#### TASK MATERIAL
───

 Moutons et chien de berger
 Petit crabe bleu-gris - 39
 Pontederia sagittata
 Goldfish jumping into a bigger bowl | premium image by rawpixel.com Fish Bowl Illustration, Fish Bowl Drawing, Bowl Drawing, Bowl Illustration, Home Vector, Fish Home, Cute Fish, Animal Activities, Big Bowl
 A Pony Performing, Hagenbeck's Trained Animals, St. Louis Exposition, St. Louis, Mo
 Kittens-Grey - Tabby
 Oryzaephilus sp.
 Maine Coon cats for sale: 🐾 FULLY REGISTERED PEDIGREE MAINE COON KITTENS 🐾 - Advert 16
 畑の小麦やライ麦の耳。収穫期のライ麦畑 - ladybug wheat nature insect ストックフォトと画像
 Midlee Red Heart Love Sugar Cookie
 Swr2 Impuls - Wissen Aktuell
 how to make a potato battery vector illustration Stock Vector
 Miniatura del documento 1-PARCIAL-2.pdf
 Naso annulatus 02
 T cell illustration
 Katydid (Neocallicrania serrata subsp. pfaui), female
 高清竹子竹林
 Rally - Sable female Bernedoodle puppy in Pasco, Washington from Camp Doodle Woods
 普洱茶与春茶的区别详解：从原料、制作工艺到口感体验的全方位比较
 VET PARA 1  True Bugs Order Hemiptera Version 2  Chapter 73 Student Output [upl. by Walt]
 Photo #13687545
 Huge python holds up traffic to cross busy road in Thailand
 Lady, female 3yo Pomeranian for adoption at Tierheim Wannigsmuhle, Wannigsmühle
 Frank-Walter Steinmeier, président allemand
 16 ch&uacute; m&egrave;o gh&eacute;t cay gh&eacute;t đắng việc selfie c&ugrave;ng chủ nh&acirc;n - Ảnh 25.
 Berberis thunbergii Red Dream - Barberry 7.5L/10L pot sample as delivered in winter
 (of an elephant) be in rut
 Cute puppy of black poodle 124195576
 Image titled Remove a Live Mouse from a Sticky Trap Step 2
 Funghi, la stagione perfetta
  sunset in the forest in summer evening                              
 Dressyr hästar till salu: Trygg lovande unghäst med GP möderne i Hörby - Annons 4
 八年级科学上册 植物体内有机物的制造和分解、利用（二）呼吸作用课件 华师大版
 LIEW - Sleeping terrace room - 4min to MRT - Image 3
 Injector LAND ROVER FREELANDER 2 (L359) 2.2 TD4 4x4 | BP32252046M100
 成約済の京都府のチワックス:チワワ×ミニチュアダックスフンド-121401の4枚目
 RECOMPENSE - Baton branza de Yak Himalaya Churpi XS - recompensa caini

───

#### EXERCISE GOAL
Work out how many lines in the preceding data include the word "puppy". State only that number.

#### EXERCISE RESULT
2